Faith Uwantege set up Faith Foundation to answer the issue of Rwandan children and women living below the poverty line. To realise her dream, she saved up while working her 9-5, all while knowing that when she quit, it’ll be to work in something she was truly passionate about.
Through her foundation, Faith encourages vulnerable women to sell handicrafts they make themselves. Faith Uwantege is working towards breaking the poverty cycle in Rwanda by encouraging people to be self-reliant.
What do you think of the industry you work in?
Well, that’s quite a handful of a question but I’ll try my best to answer it. On a personal level, what I dedicated my life to do is not something that’s being done by everybody else. So I cannot say I am competing or comparing myself with anybody in the industry.
All I can say is that it takes a lot of passion, dedication and selflessness to be in this kind of industry. So what do I think of this industry? I think the answer to that question is quite relative depending on who you ask!
Tell us about saving your salary to see your dream come true. How long did you have to save? Did you have any other plans outside just saving?
I really can’t specify how long it took me to save in order to start my dream. All I remember is that I had this burning desire to help helpless children and get them off the street.
It is not actually monetary saving alone, I sacrificed my time to be with these children and to try to pinpoint the most vulnerable ones.

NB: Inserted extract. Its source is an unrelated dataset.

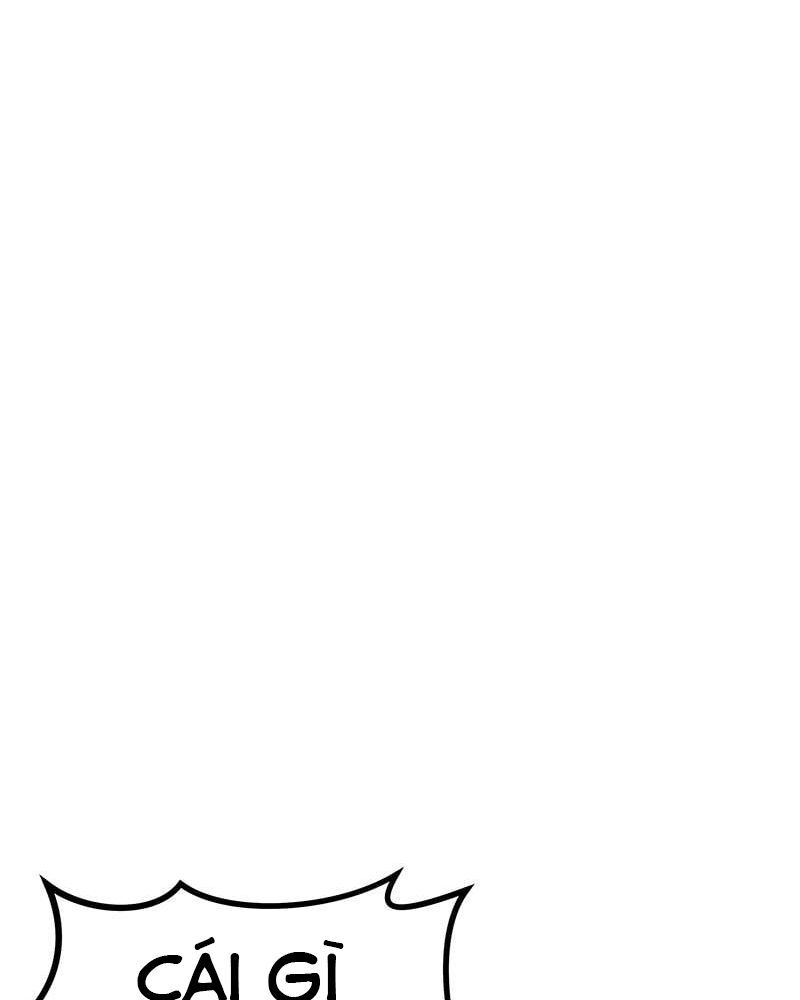 page_26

In what ways do you restore hope to vulnerable children and women?
I restore hope in vulnerable children and women first of all by convincing them that there’s light at the end of the tunnel.
Before giving them any other form of help, I give them a vocal assurance. I teach women how to be self sustainable by creating and selling hand crafts and helping their children live a better life. I teach women how weave baskets (commonly known as ‘agaseke’) and I also teach them how to use sewing machines.
How do you think the poverty cycle can be broken in Rwanda?
The poverty cycle in Rwanda can only be broken by teaching people to be self-reliant, by changing their mindsets.
Most poor people in Rwanda think that since they are poor, they are only meant to survive on government hand outs and foreign aid. This is a wrong perception because nobody was created to be poor. Once you convince them that they can actually be self-reliant, that’s the beginning of poverty eradication.Faith Uwantege: What I dedicated my life to do isn't being done by everybody else Click To Tweet
What is exciting to you about being a young Rwandan woman today?
What’s exciting to me about being a young Rwandan woman today, is that I have a say in the society. Thanks to our president, who actually embarked on a war to ensure that there is gender balance in the country.
He also ensured that all children have equal opportunity in education and jobs in order for them to contribute to the development of the country.
Do you engage in any other projects outside Faith Foundation?
I dedicate myself fully to this foundation and that’s all that I do.
I might consider doing other things in the future but at the moment, I think my effort and focus is still vital in the foundation.
Who is your mentor and how important has she/he been in the growth of your project?
My mentor is Nick Hills, he is one of a kind! He has played an important role and is still there for the Faith Foundation in so many immeasurable ways as a donor and as my advisor. I look up to him!
I met my mentor Nick Hills first during his visit to Rwanda. Like most other tourists who had travelled here, Nick came with his family to see Rwanda’s famous mountain gorillas.
What five skills do young women need to successfully run a foundation like yours?
The five skills I think women or any other person for that matter needs to be successful in running this kind of foundation are;
- Dedication: A woman needs to be dedicated even if the journey seems rough. It’s actually the challenges that make us more stronger in this kind of field.
- Determination: A woman that wants to be successful in this industry, must be determined. Without determination, you’ll easily give up.
- Passion for what she does. I always tell people that it’s very important to do something that they are passionate about. Be it in a business or in a non- profit organization, it just makes it so much easier. If there’s no passion, then don’t even bother.
- Hard work: Work harder even without expecting something in return. It’s worth it.
- Simply having a big and helpful heart. If I didn’t have a big heart, I would probably have given up. There are many challenges in this industry, especially that it does not pay. It’s the big and helpful heart that drives us.